Per un Pogba che entra in infermeria, ecco un Marchisio che dall’infermeria ne esce dopo oltre un mese e contro la Beneamata partirà dall’inizio. Partirà ancora dalla panchina Kwadwo Asamoah, ancora non al top delle condizione ma Allegri sabato contro il Bologna lo ha fatto giocare dopo oltre cinque mesi di assenza per fargli riassaporare l’odore del campo.

Mentre inizia a muoversi in silenzio il mercato invernale, in casa Juventus sono da trattare alcuni rinnovi, come quello di Andrea Barzagli, mentre il Milan sembra avere chiesto alla Vecchia Signora informazioni sull’attuale direttore sportivo juventino, Fabio Paratici.

In casa Juventus oggi si festeggiano anche i 58 anni di una colonna storica della squadra tra il 1976 ed il 1989, Antonio Cabrini. Cresciuto calcisticamente nella natia Cremona, con i bianconeri ha  vinto sei scudetti, due Coppe Italia e tutte le coppe europee. Cabrini lasciò la Juventus nel 1989 per accasarsi al Bologna dopo 352 partite e trentacinque reti. In Nazionale ha vinto il titolo mondiale nel 1982 (sbagliando anche un rigore in finale) mentre nel 1978, dove fu nominato miglior giovane, fu quarto.

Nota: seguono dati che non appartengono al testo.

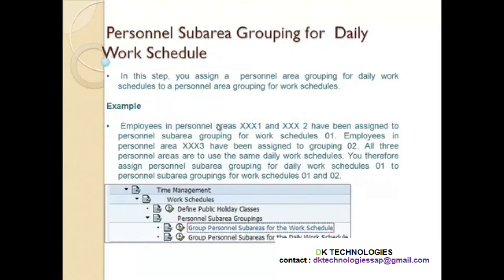Now let us see what is personal sub-area grouping for daily work schedule. Daily work schedule is the daily time — for example, this personal sub-area works the early shift, night shift, and afternoon shift, while that personal sub-area works accordingly with early shift, afternoon shift, and night shift. That was the grouping for work schedule.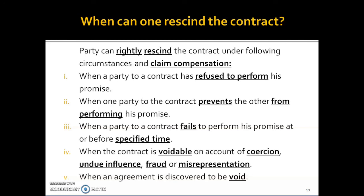Fifth, when an agreement is discovered to be void — this usually happens under mistake. For example, if I contract with my friend to buy goods that are being transported in a truck from Ahmedabad, but neither of us knew that the truck had already met with an accident and all the goods were damaged, then when we come to know this, I am no longer bound by that contract. We were under the mistaken impression that the goods were in valid condition. Due to this mistake, the contract is discovered to be void and we can rescind it.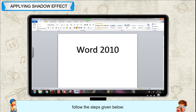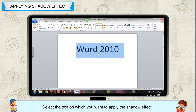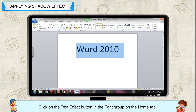Select the text on which you want to apply the shadow effect. Click on the text effect button in the font group on the Home tab. It displays various text effect styles. Select the shadow option and then choose the required shadow effect from the displayed options.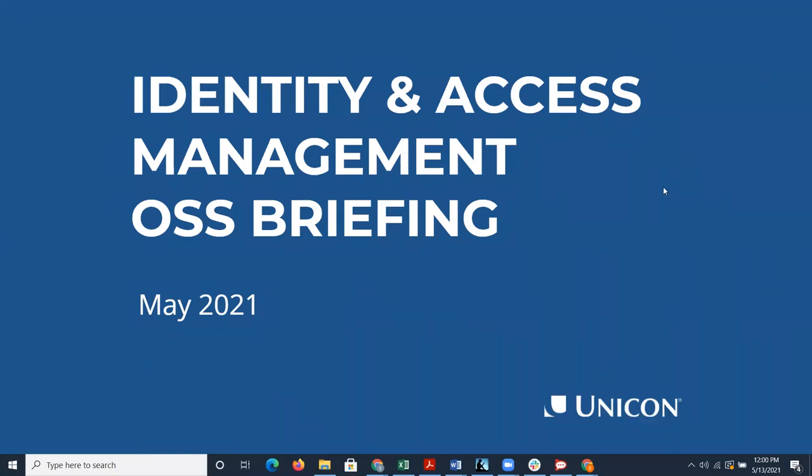So first of all, thank you all for joining us for the first Identity and Access Management Open Source Support Briefing of 2021.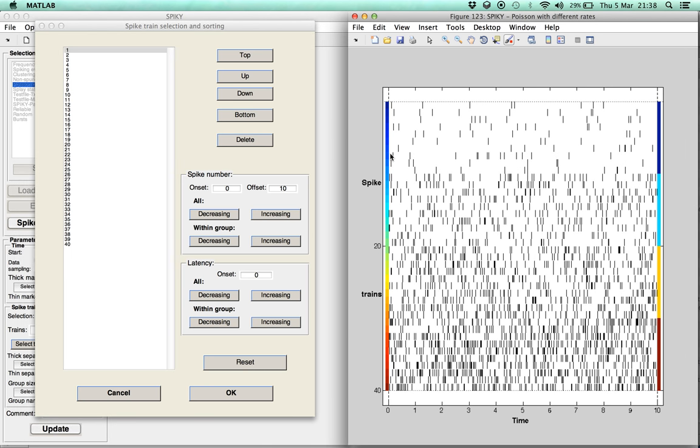Now, in the second part, we show how to use predefined criteria to sort the spike trains automatically. Currently, we offer two different criteria, both motivated from analysis of neuronal coding: spike number and latency.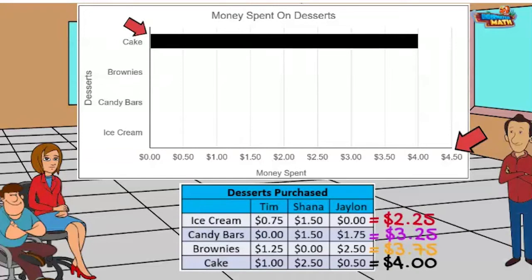Brownies are my favorite. I will chart that one. It says the children spent three dollars and 75 cents on brownies. The intervals on the graph are going up by 50 cents. Fifty cents is two quarters. Half of the two quarters is one quarter, or 25 cents.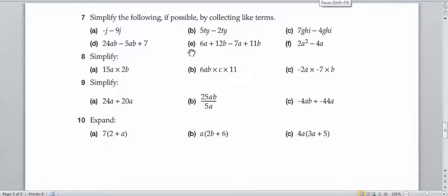In this video I'm going to go through simplifying algebraic expressions, whether we're adding, collecting like terms, or we're just multiplying them through. Whenever you're adding or subtracting algebraic expressions, you can only add the like terms.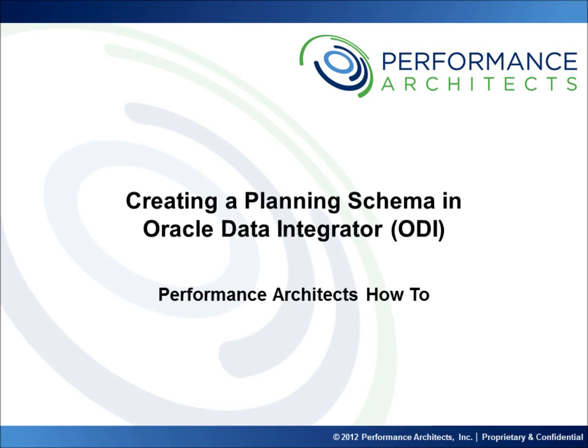Hello and welcome to another Performance Architects how-to. Performance Architects is a business and technology consulting company that helps companies initiate and sustain big changes in their performance management and business intelligence environments and processes. This video along with others on our channel should help provide some additional insight as you embark on or continue along your EPM and BI journey.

Dopo alcune esperienza in panchina tra serie B e Lega Pro, da tre anni è l’allenatore della Nazionale femminile di calcio del nostro Paese.

Italia a Baku per il pass Europeo

Conte

Partiranno questo pomeriggio i 27 giocatori convocati da Antonio Conte per le ultime due gare di qualificazione all’Europeo 2016. La rosa, privata di Lorenzo Insigne, ancora vittima di problemi al ginocchio, decollerà alle 15:30 da Pisa verso Baku, dove sabato affronterà l’Azerbaigian.

Questa mattina sui campi di Coverciano il ct azzurro ha schierato la squadra con il 4-4-2 con Buffon in porta; Darmian, Bonucci, Chiellini e De Sciglio a comporre il quartetto di difesa; Candreva (in ballottaggio con Florenzi,) Pirlo, Parolo (favorito su Berolacci)  ed El Shaarawy a centrocampo; Eder e Pellè in attacco.

La vittoria contro gli Azeri garantirebbe l’accesso alle fasi finali del Campionato Europeo, in caso di pareggio o sconfitta bisognerà aspettare la gara contro la Norvegia di martedì.

Nel caso in cui, invece, l’ex allenatore bianconero dovesse optare per il tridente d’attacco,  gli undici rimarrebbero gli stessi con El Shaarawy spostato in avanti.